Das Kölner Paar erzählt, dass viel Überzeugung und ein unglaublicher Zufall sie in die Location gebracht haben.
Premiere in KölnWarum dieses Paar beim Bestatter neben einem Sarg heiratete
Die Lieferanten für das kleine Buffet stutzten, als sie die Adresse hörten. „Wirklich dahin?“ Und auch so manche vorab nicht eingeweihte Verwandte und Bekannte reagierten irritiert, als die Bimmelbahn, mit der die Hochzeitsgesellschaft am Standesamt losgefahren war, vor dem Haus an der Zeughausstraße anhielt. Eine Tante, die wie andere Gäste, die nicht anreisen konnten, über Zoom in den Raum zugeschaltet war, fragte: „Bin ich hier im falschen Film?“ Denn da stand ein Sarg.

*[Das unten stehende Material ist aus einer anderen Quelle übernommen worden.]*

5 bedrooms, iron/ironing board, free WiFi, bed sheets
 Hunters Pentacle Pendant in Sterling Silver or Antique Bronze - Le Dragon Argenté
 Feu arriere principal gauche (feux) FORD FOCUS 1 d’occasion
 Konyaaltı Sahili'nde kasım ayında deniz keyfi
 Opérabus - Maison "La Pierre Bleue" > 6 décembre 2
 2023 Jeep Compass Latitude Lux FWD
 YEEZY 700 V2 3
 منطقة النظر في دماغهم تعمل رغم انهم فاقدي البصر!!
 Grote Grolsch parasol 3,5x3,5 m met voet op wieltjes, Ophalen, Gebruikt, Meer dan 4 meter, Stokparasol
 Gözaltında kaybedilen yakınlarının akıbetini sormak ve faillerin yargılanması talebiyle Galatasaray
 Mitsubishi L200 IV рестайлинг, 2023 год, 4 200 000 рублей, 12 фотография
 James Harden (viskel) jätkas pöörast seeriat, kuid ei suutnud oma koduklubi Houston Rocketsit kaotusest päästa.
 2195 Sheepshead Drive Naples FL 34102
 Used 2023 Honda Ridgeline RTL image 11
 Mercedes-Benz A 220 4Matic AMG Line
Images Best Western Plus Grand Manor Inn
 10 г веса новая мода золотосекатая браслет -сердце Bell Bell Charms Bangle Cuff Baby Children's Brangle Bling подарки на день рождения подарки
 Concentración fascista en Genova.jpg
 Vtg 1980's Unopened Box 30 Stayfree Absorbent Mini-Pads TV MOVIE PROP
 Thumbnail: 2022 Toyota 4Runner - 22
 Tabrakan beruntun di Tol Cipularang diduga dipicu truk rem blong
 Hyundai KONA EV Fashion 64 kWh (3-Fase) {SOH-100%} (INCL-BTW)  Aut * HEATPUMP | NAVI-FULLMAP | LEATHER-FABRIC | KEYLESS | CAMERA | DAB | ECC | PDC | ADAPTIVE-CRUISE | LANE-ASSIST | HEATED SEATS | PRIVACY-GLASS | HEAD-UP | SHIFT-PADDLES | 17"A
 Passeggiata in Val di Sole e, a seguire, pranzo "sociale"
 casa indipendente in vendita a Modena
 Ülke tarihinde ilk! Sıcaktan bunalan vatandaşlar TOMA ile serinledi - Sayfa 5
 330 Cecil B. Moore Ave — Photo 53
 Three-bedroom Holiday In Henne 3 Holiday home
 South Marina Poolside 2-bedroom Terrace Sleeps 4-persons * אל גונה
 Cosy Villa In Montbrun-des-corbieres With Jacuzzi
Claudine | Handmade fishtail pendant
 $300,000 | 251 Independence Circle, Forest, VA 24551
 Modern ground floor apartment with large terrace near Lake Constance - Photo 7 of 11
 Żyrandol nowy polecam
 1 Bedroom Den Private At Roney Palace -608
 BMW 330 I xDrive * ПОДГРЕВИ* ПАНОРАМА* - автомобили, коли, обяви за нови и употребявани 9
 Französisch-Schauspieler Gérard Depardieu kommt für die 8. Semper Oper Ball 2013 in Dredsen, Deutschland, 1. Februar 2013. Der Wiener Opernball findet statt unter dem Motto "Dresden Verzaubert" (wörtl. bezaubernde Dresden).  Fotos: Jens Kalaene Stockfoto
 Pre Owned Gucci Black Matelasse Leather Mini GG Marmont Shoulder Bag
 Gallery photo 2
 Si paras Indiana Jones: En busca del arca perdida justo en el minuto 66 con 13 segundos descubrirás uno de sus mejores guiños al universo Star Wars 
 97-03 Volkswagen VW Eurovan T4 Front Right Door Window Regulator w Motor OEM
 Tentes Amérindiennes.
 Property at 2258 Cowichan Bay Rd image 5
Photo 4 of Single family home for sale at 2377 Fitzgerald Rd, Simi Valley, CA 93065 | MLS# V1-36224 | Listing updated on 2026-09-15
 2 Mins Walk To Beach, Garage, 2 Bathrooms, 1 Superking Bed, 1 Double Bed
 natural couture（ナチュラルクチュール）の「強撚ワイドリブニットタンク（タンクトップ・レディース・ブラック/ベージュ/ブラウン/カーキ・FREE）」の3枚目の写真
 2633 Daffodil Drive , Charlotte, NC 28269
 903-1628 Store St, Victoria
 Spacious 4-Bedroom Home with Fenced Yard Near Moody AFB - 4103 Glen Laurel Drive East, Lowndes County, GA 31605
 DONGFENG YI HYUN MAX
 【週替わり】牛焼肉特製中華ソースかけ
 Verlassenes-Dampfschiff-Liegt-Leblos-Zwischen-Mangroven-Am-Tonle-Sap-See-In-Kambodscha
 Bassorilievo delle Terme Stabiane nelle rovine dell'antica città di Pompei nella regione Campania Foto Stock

Sabine Lindenbeck (49) und Bernd Dackweiler (51) hatten sich tatsächlich eine sehr außergewöhnliche Location für ihre Hochzeit ausgesucht. Sie gaben sich in der Trauerhalle von Bestatter Christoph Kuckelkorn das Ja-Wort – sie küssten sich neben dem Sarg. Es war die erste Hochzeit in dem Raum, wo sonst der Toten gedacht wird.
Hochzeit beim Bestatter: verrückt, aber auch folgerichtig
Wie kommt man auf die Idee, in einem Bestattungshaus ein doch so fröhliches Fest zu feiern? Einige Tage nach der Hochzeit sitzt das Paar lächelnd in seiner Ossendorfer Wohnung. „Ja, das war schon irgendwie verrückt, aber auch wieder folgerichtig“, sagt Bernd Dackweiler. Der Masseur und Körpercoach hält Vorträge und hat schon mehrere Bücher über die Trauer und ihre Verarbeitung geschrieben. 2020 gewann er bei einem internationalen Speaker Slam mit seinem Vortrag „Tod und Trauer“. Für ihn einschneidend war der Tod seines Vaters. Dackweiler war damals zehn Jahre alt und erlebte, wie verschieden oder gar nicht die Menschen um ihn herum die Trauer verarbeiteten, welche Blockaden das bewirkte und wie sehr ihn das sein Leben lang geprägt hat.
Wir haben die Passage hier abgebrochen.